Build An End-to-End Streaming Data Pipeline with Confluent Cloud
For this lab, we have two fictional companies.
- An airline company: stores customer information in a MySQL database. It also has a website that customers can submit feedback in real time.
- The analytics team decided to use GCP BigQuery, a Cloud Data Warehouse. They want to be able to react to customers feedback as they become availabe. For example if a customer with Platinum club status had a bad experience, they want to reach out to them and sort things out. This team doesn’t want to go to two different sources to get their data, they want the data to become available to them in a format and location they decided is the right choice for them.
- The AI team wants to use real world data to train and test their AI models. They don’t want to go and find this data, so we are providing the customer rating data to them in GCP Cloud Storage, which is a great solution to store large amounts of data for a long time.

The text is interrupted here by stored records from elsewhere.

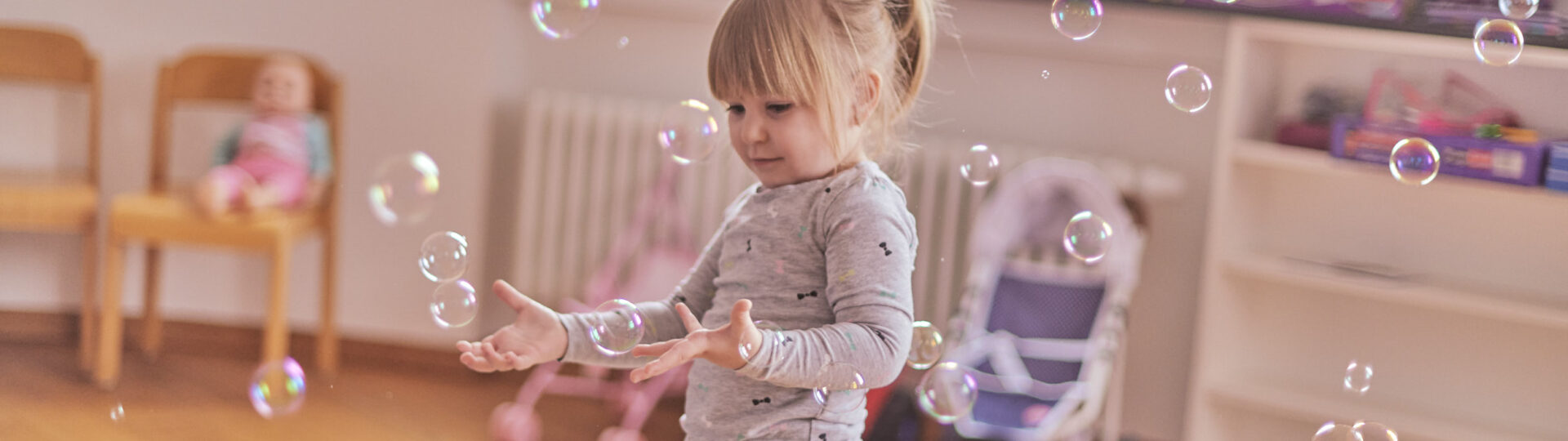 Junges Mädchen spielt in Spielzimmer mit Seifenblasen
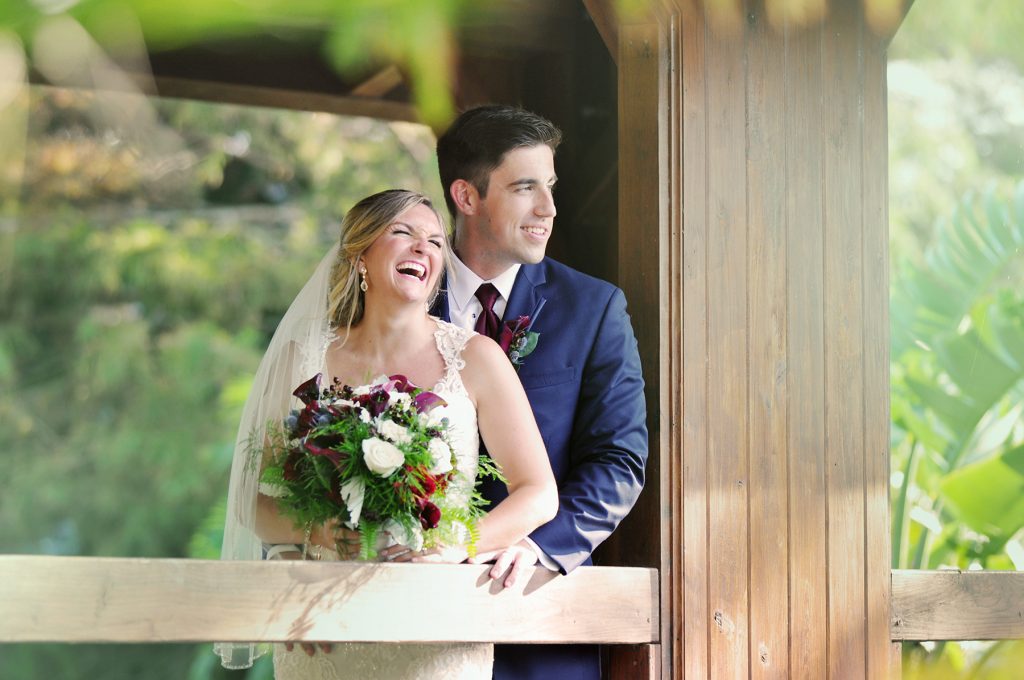 Jennifer Juniper Photography - Bride and groom laughing on a bridge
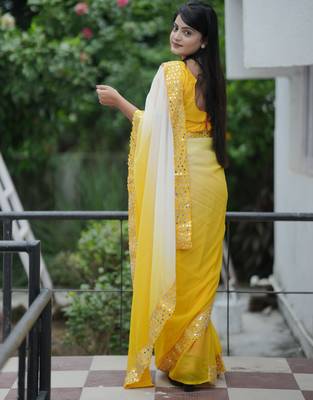Yellow faux georgette padding saree with smart and trendy mirror work 2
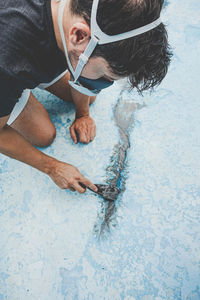 High angle view of man swimming in pool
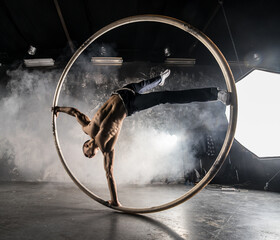 Strong circus performer spinning a cyr wheel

- A media company: recently their userbase grew significantly and their database is struggling to keep up. They concluded that GCP BigTable, a highly scalable NoSQL database, is the right choice for them, so they are migrating their users’ information to BigTable.
To keep things simple, we will utilize Datagen Source Connector to generate both ratings and users data ourseleves. Additionally, we will use MySQL CDC Source Connector, GCP BigQuery, Cloud Storage, and BigTable fully-managed connectors.